## EXERCISE DESCRIPTION
Take the line that contains "Gourmet Mushroom Grow" and every line below it to the end of the entries, and give them again exactly, leaving out any pictures.

*** GIVEN DATA ***

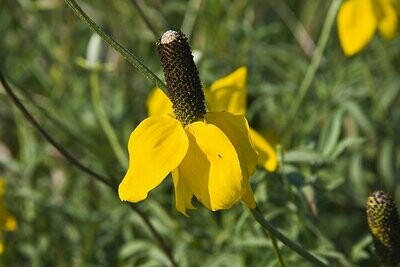 Ratibida columnaris - Yellow Prairie Coneflower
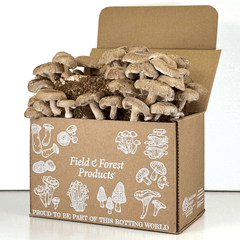 Gourmet Mushroom Grow Kit - Shiitake Table Top Farm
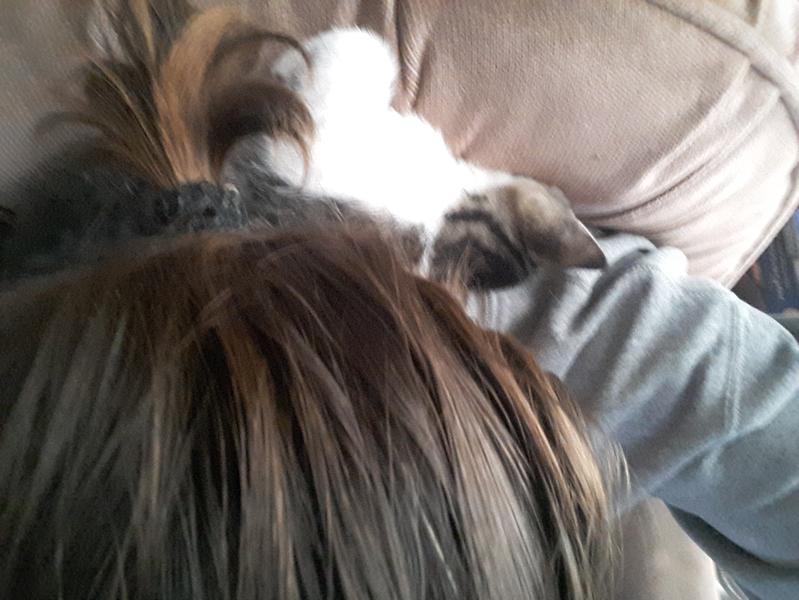 This is my natural color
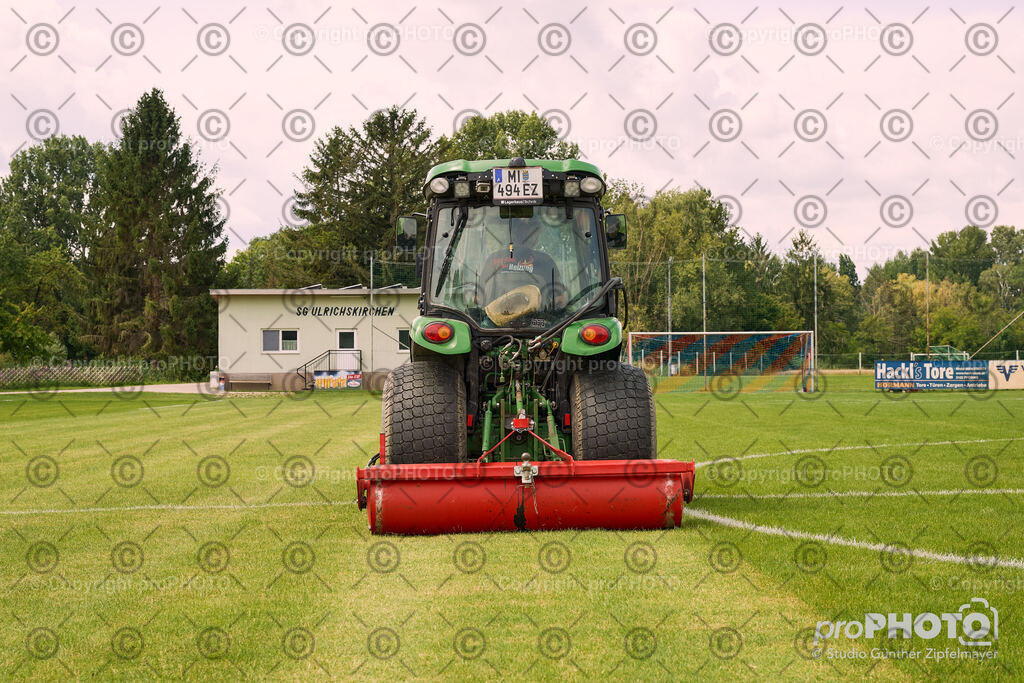 202507_Rernböck-Rasen_NZ9_1412 | proPHOTO - Realisiert mit Pictrs.com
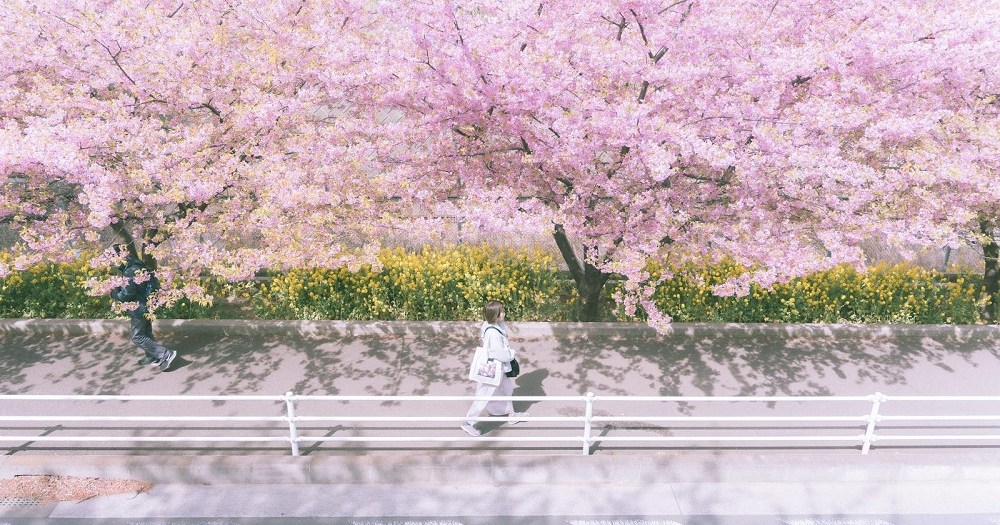 Japan’s cherry blossom season predicted to start earlier than we’d thought, especially in Tokyo Japan’s cherry blossom season predicted to start earlier than we’d thought, especially in Tokyo
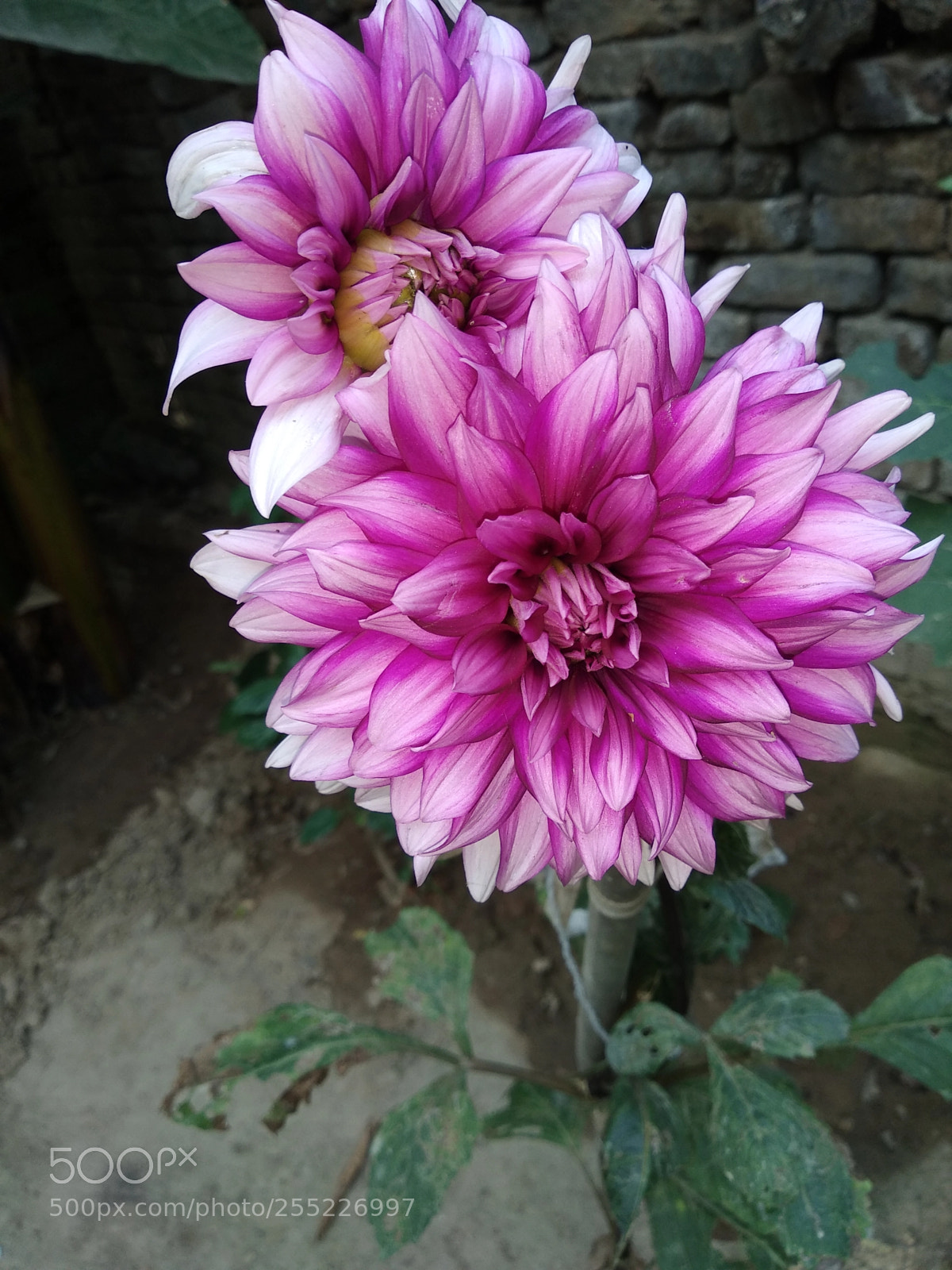 Xiaomi Redmi Note 5 sample photo. Untitled photography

*** End of GIVEN DATA ***

## RESULT
 Gourmet Mushroom Grow Kit - Shiitake Table Top Farm
 This is my natural color
 202507_Rernböck-Rasen_NZ9_1412 | proPHOTO - Realisiert mit Pictrs.com
 Japan’s cherry blossom season predicted to start earlier than we’d thought, especially in Tokyo Japan’s cherry blossom season predicted to start earlier than we’d thought, especially in Tokyo
 Xiaomi Redmi Note 5 sample photo. Untitled photography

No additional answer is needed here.